Stars Stripes And Sleds

Operation Comfort Adds More Than Just Ice To Help Heal Injured Servicemen

They laugh and joke, throw tape balls and residual ice from their skate blades, and razz each other about missing a wide-open net or getting leveled by a hard bodycheck.

The scene inside the Ice and Golf Center in Northwoods, Texas could pass for any locker room in any rink around the country. But the San Antonio Rampage is not your typical hockey team.

The men who make up the Rampage are part of a fraternity that no one would willingly join, but has created bonds that can’t be broken. It started at  Brooke Army Medical Center, where these servicemen began the long journey of recovery from injuries suffered in Iraq and Afghanistan, and has brought them to the rink.

Sled hockey provides the soldiers with an opportunity to play a full-contact sport as well as a bonding experience away from the rehabilitation center.

They are brought together by Operation Comfort, a San Antonio-based organization dedicated to helping veterans rehabilitate their injuries and adjust to life after combat.

Operation Comfort was founded by Janis Roznowski, an American Airlines flight attendant who was inspired by soldiers she met on flights transporting them back from overseas.

With the help of the Red River Valley Fighter Pilots Association and the Air Warrior Courage Foundation, Operation Comfort raised the money to purchase 20 sleds. The San Antonio Rampage of the American Hockey League donated equipment, and the Ice and Golf Center provided the ice time.

Bringing it all together on the ice and in the locker room is coach and star player Lonnie Hannah, the only member of the team who hasn’t served in the military.

After launching a sled hockey program in Dallas several years ago, Hannah moved to San Antonio in 2006 and partnered with Operation Comfort to establish the fledgling team.

While few of the Texas-based soldiers were into hockey, once they sat in a sled and propelled themselves around the ice with their special sticks, they were hooked.
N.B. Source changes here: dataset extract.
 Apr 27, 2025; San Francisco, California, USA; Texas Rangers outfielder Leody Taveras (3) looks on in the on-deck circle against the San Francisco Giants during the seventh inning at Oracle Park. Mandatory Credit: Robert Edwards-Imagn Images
“You get a lot of frustration going on, and it comes back to teamwork, hanging out with your friends, making another bond and brotherhood of a different kind. We push each other, we get grumpy with each other, we yell at each other.”

—Shane Parsons,
San Antonio Rampage

“It gets very physical, it’s full checking,” said Hannah, who was a mainstay on the U.S. National Sled Hockey Team that won a Paralympics gold medal in 2002, a bronze in 2006 and a gold medal again at the 2009 World Championships.

For men mostly in their 20s accustomed to an active lifestyle, returning from war with debilitating injuries is a difficult adjustment. Being able to participate in a competitive, contact sport allows them to maintain some aspect of their former lives while offering other positives.

“I’ve been an active guy most of my life,” said Chris Leverkuhn, the Rampage’s captain who had his right leg amputated after a roadside bomb blew up the fuel tanker he was driving in Iraq. “So, just to have a hard-hitting, full-contact sport – you can just take that aggression out. It’s nice to have that kind of a sport to be able to go into.”

The fast-paced and hard-hitting nature of the sport provides a good outlet, said Fred Jesse, staff physical therapist at the Center for the Intrepid in San Antonio, a facility that treats wounded veterans and refers some to the program.

“A lot of these guys are young and competitive, and they want to continue to be in a sport,” Jesse said. “It builds teamwork and camaraderie – they work together. A lot of them have post-traumatic stress syndrome, and this is a good outlet for that.”

Shane Parsons, a former Special Forces sniper who suffered a serious head injury and lost both his legs in an explosion in Baghdad three years ago, is a perfect example of how sled hockey can brighten a wounded soldier’s post-combat life.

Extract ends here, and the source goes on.